The United States has a history of state banks, most of which ceased operation over a century ago. Beginning in 1836, Alabama, Kentucky, Illinois, Vermont, Georgia, Tennessee and South Carolina all created banks that were completely owned by the state government. Missouri, Indiana and Virginia had banks with the state holding a majority interest and a number of other states created banks with the State owning a minority interest.
By 1900, only Virginia and Kentucky survived. Today, both are gone.
In 1919, the only existing state-owned bank was established, the Bank of North Dakota (BND). In contrast to most commercial banks, BND is not a member of the Federal Deposit Insurance Corporation (FDIC), rather all BND deposits are guaranteed by the full faith and credit of the State of North Dakota. BND is held up and referenced by nearly every study to advance public banks in other states.
With that state bank history established, we turn to “Is one necessary in New Jersey?”
While several states have explored, or are currently exploring, re-introducing this idea, Massachusetts recently conducted one of the most thorough reviews on the public record.
When Massachusetts first considered the benefit of establishing a state bank in 2010, they formed a commission to study the feasibility of such a state-owned bank. In contrast, New Jersey is foregoing a feasibility study and skipping right to establishing a Public Bank Implementation Board (Executive Order No. 91 tasked, according to the press release accompanying the executive order, “with developing an implementation plan for a public bank within one year.”

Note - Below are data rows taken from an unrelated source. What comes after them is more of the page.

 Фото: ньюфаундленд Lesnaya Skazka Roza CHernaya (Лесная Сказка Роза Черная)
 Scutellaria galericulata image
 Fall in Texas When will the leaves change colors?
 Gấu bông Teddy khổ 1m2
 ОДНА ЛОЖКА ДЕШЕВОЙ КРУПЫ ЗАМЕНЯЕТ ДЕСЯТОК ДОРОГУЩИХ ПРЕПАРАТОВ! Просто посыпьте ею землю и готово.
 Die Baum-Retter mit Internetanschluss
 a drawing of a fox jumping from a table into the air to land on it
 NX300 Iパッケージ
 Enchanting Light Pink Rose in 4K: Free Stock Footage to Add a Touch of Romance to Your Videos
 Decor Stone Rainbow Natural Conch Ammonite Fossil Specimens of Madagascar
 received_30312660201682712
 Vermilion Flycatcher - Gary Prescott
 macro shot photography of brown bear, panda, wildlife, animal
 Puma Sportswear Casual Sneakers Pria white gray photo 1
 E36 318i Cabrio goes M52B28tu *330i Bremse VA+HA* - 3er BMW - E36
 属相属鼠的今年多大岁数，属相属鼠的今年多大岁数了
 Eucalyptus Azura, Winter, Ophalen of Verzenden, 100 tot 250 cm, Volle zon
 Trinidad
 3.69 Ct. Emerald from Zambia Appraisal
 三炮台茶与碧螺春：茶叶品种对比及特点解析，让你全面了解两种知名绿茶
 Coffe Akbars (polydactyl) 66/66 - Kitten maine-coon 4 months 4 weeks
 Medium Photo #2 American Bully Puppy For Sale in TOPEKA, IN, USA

The Massachusetts study commission was comprised of Executive Branch members, non-profit advocacy organizations, ranking members of the Legislature, as well as three members of MA’s Banking Association. In New Jersey, the membership of our Implementation Board lacks any legislative members or banking industry representatives. NJ will rely upon: 7 Executive Branch representatives from the Governor’s office; 3 other Administration-appointed members overseeing various Authorities; 2 non-profit advocacy organizations, one of which is the Co-Director of Banking on New Jersey, a member of the national non-profit Public Banking Institute with the goal “to create public banks at every level of government;” 1 Rutgers University representative with extensive expertise in economics and labor policy; and the final member from the NJEA.
In 2011, the Federal Reserve Bank of Boston released an independent report,
1. Massachusetts and other states should start any discussions of financial-sector reforms by identifying the problems that public policy needs to address.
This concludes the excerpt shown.